Christine claims she is due about £96,000, plus interest, dating back to 1985. But she fears she will die before she sees the money that the court says is due to her.

Because of the constant pain from her back injury caused by trapped nerves, her health has deteriorated in recent years.

Christine says she was offered £10,000 by the DWP to drop her 2002 court action but she refused.

She spent years moving elderly and infirm residents without specialist equipment or training, leaving her with chronic back problems and having to have two hip replacements.

Prior to her 1985 injury, she had been working at a home in Castlemilk, Glasgow, for several years. Christine, who has two grandchildren and two great-grandchildren, said: “I worry that I could pass away before I can get the money I am due.

“I remember sitting in my bed with my husband and saying I can’t go on much longer with this. I am not sorry that I didn’t take the £10,000. I am proud I carried on and changed the law.”

Christine has even written to the Queen in a bid to get the DWP to pay up.

She added: “The benefits should have been backdated to 1985 and I have never received a penny. The DWP officials used new rules to assess my injuries and said they were not serious enough.

“If they had used the rules when I first applied, I would have been due an average of £50 a week over the past
37 years.”

Christine is trying to persuade the Parliamentary Health Services Ombudsman to take on her case.
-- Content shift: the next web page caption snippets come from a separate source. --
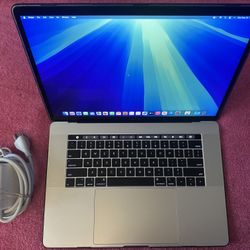 2018 MacBook Pro 15 inch Retina, 2.2 GHz i7, 16 GB RAM, 500 GB SSD.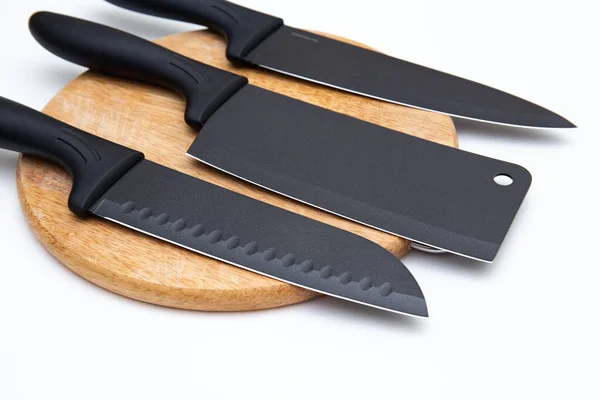 Lüks siyah mutfak bıçağı beyaz üzerine izole edilmiş kesim tahtasının üzerinde.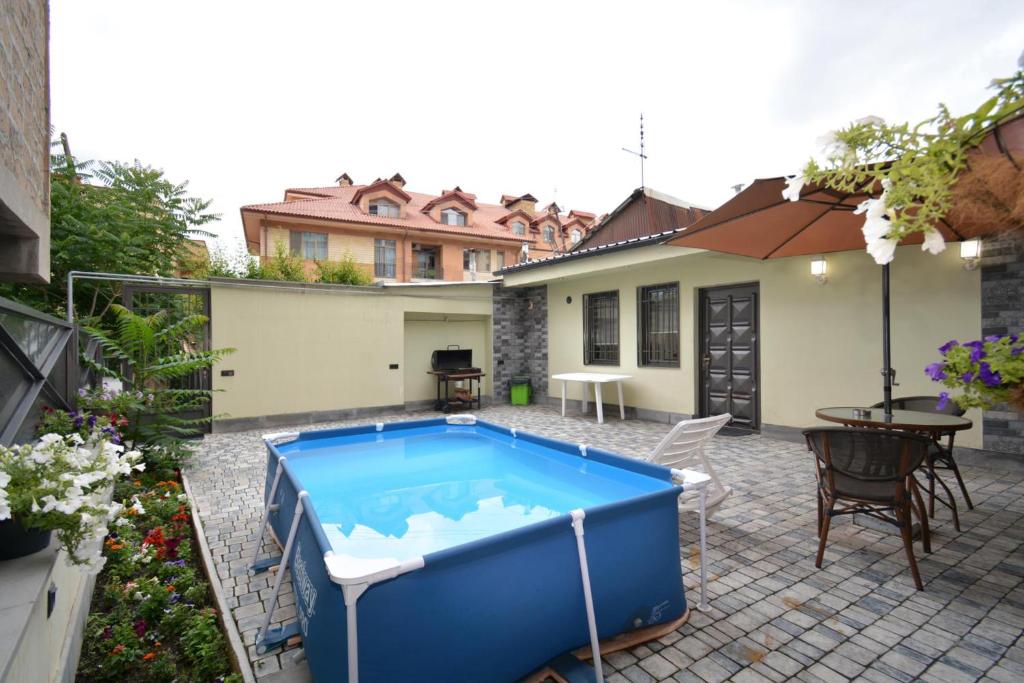 a pool in the backyard of a house at Kaskade House in Yerevan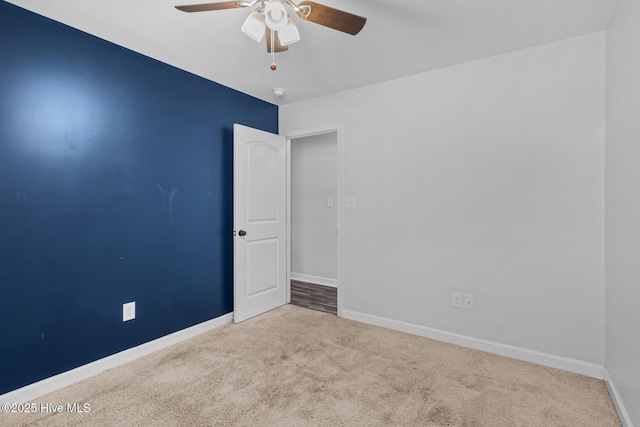 empty room featuring light carpet and ceiling fan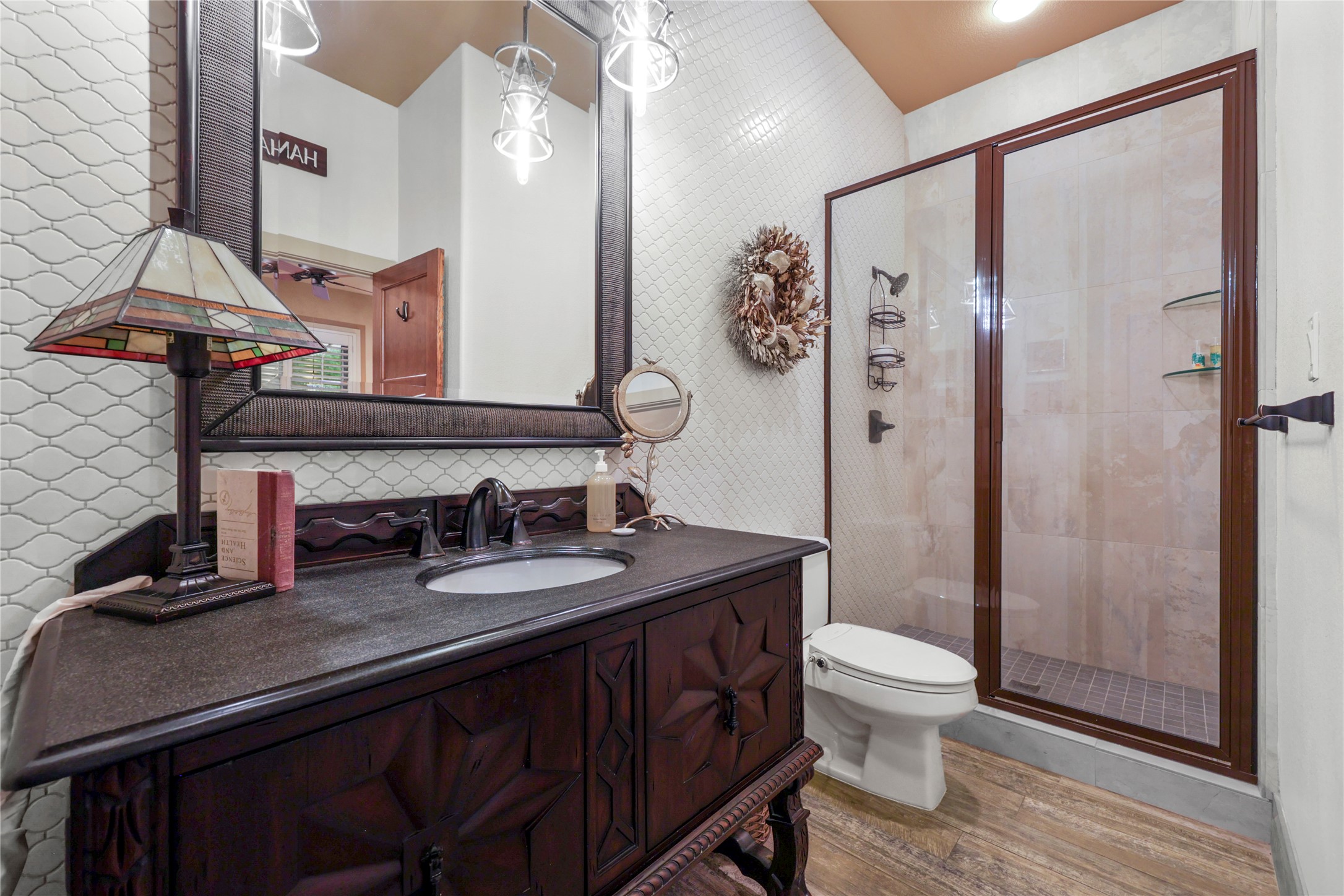 17501 Navigation Lane Lago Vista, TX 78645 - Photo 29 of 40 Downstairs guest bathroom featuring a dark wood vanity with an integrated sink, a glass-enclosed shower, and wave-patterned wall tiling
Christine’s lawyer Austin Lafferty said it was a gross injustice that her claim was not being paid by the DWP.

He added: “Christine is a modern-day heroine for working people. She took the government to court and changed the law so tens of thousands of manual workers, carers and nurses can now claim industrial disablement benefit when they had been disqualified before.

“No matter how many doors are shut in her face, Christine will keep the fight alive. She deserves the benefit she is entitled to.”

The Department of Work and Pensions was asked to comment on the case but did not respond.